Stored items
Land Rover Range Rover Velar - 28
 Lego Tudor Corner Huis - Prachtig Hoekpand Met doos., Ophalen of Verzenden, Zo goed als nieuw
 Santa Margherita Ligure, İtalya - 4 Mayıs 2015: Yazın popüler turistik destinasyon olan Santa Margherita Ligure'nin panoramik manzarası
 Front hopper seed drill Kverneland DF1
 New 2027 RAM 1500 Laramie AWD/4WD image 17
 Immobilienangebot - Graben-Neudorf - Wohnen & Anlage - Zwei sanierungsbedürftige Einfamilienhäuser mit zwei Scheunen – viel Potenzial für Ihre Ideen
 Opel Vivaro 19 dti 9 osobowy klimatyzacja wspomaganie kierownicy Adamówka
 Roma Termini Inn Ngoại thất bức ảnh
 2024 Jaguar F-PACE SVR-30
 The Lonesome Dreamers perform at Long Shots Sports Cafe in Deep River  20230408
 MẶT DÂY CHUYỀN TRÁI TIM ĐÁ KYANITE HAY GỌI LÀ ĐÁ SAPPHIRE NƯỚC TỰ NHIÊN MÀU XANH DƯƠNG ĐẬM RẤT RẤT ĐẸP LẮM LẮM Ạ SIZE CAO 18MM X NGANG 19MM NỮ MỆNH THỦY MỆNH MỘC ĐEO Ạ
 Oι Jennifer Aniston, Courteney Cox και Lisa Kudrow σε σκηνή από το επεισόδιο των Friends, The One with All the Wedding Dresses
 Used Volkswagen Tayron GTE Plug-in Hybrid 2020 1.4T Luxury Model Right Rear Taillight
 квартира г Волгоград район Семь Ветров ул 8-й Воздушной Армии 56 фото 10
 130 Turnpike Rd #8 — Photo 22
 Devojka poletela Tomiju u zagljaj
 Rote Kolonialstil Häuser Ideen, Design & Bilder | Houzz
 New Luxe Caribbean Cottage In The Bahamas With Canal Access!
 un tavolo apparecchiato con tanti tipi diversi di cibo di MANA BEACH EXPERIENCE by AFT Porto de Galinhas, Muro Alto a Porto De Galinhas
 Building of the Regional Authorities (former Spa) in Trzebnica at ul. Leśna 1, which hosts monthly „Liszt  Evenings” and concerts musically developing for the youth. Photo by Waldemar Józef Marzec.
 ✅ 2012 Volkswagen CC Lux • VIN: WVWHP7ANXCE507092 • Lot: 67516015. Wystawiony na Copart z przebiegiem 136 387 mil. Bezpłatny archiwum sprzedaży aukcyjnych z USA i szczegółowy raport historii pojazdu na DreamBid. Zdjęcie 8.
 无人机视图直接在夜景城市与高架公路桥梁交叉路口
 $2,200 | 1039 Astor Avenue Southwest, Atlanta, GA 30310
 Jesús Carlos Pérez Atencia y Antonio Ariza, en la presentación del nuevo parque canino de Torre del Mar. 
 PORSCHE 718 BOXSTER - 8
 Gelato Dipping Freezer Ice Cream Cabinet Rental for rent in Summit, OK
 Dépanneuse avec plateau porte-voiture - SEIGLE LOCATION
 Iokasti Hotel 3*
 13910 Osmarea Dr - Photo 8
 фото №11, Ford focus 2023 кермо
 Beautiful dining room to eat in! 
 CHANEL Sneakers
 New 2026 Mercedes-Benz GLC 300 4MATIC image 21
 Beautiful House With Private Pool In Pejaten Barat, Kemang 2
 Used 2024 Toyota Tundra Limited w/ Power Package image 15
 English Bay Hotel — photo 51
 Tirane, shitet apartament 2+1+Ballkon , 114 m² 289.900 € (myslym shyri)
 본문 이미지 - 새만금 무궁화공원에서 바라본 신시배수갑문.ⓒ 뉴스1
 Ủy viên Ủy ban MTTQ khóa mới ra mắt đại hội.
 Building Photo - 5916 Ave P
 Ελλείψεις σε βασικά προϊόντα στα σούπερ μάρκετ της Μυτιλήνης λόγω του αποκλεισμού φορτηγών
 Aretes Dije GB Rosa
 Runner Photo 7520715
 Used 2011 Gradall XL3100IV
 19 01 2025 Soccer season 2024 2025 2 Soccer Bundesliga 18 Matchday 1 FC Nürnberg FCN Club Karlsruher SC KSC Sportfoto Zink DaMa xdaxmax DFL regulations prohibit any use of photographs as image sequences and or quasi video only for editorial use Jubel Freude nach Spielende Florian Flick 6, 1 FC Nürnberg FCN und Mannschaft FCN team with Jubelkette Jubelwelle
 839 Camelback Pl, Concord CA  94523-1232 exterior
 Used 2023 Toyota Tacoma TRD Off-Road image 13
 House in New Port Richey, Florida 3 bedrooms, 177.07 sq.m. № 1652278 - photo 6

Instructions to follow
Each line above that carries the string "Building" has to be returned.

Answer box
 Building of the Regional Authorities (former Spa) in Trzebnica at ul. Leśna 1, which hosts monthly „Liszt  Evenings” and concerts musically developing for the youth. Photo by Waldemar Józef Marzec.
 Building Photo - 5916 Ave P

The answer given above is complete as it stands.